Theoretical insights into the removal pathways of adsorbed oxygen on the surface of χ-Fe5C2(5 1 0)

Abstract

Much attention has been paid to the direct preparation of light olefins from syngas by Fischer-Tropsch synthesis. The hydrogen coverage on the surface of χ-Fe5C2 (510) catalyst has a great influence on the activation pathway of CO and the coupling pathway of CC. The removal pathways of adsorbed O on the surface of the catalyst are also affected by the activation pathway of CO which changes due to the hydrogen coverage. At present, the removal pathways of adsorbed O are not clear.
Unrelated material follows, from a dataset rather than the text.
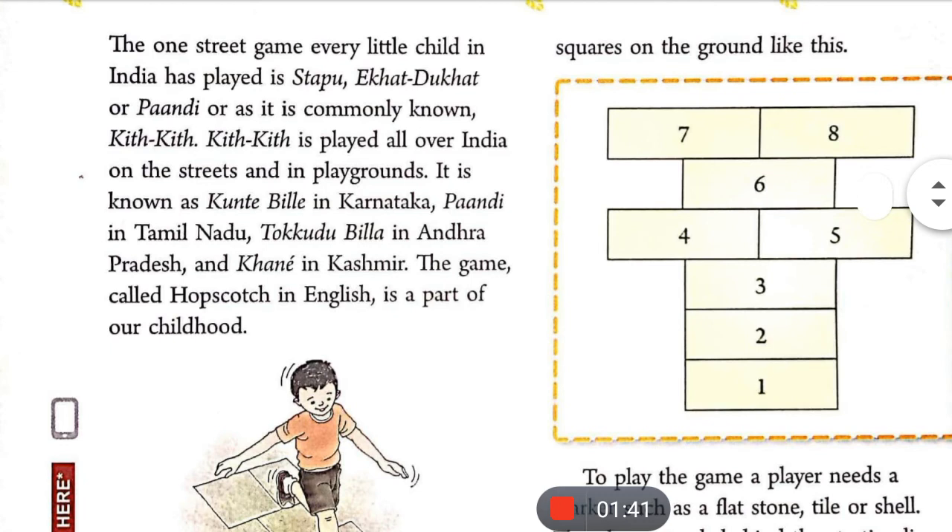It is known as Kuntabile in Karnataka, Pandi in Tamil Nadu, Tukudu Bila in Andhra Pradesh, and Khane in Kashmir.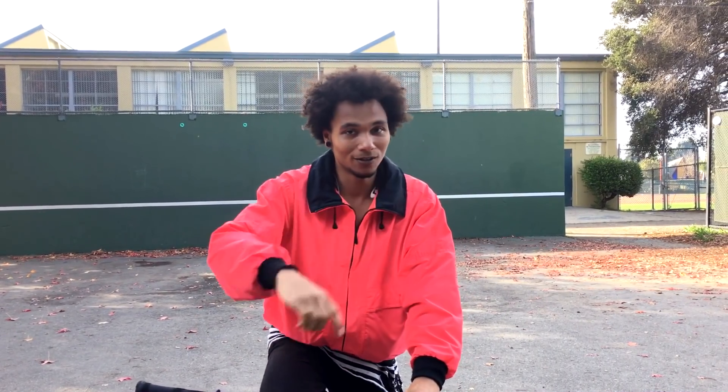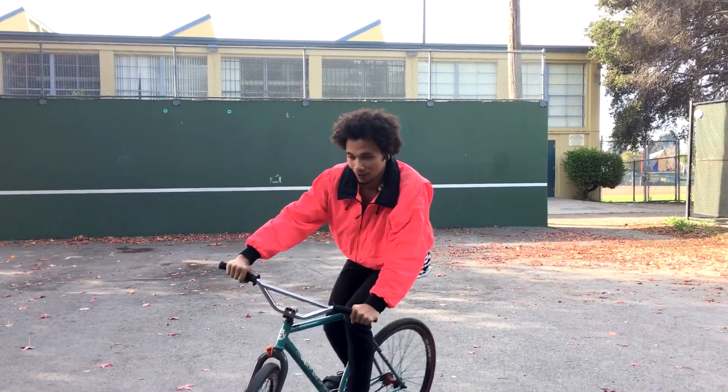What's good guys? My name is Andy Sparks and today I'm going to teach you how to ride backwards.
In this study, the removal pathways of adsorbed O on the surface of χ-Fe5C2 (510) with low and high hydrogen coverage are studied by density functional theory (DFT).It is found that the surface of χ-Fe5C2 (510) with high hydrogen coverage is more favorable for the reaction to occur and proceed. The formation pathways of H2O and CO2 are different under different hydrogen coverages. At low hydrogen coverage, CO2 is more likely to be generated by the combination of CO and OH followed by decomposition·H2O is more likely to be generated through the pathway of the combination of two OHs. At high hydrogen coverage, CO2 is more likely to be generated by the direct combination of CO and O·H2O is more inclined to be formed by the combination of OH and H. Through the study of the removal pathways of adsorbed O on the surface of χ-Fe5C2 (510), the formation mechanism of CO2 and H2O is clarified, and the effect of hydrogen coverage on the reaction mechanism is explored. It is hoped that it can help to improve the oxidation deactivation of the active components of the catalyst and the high selectivity of by-product CO2 in the reaction process.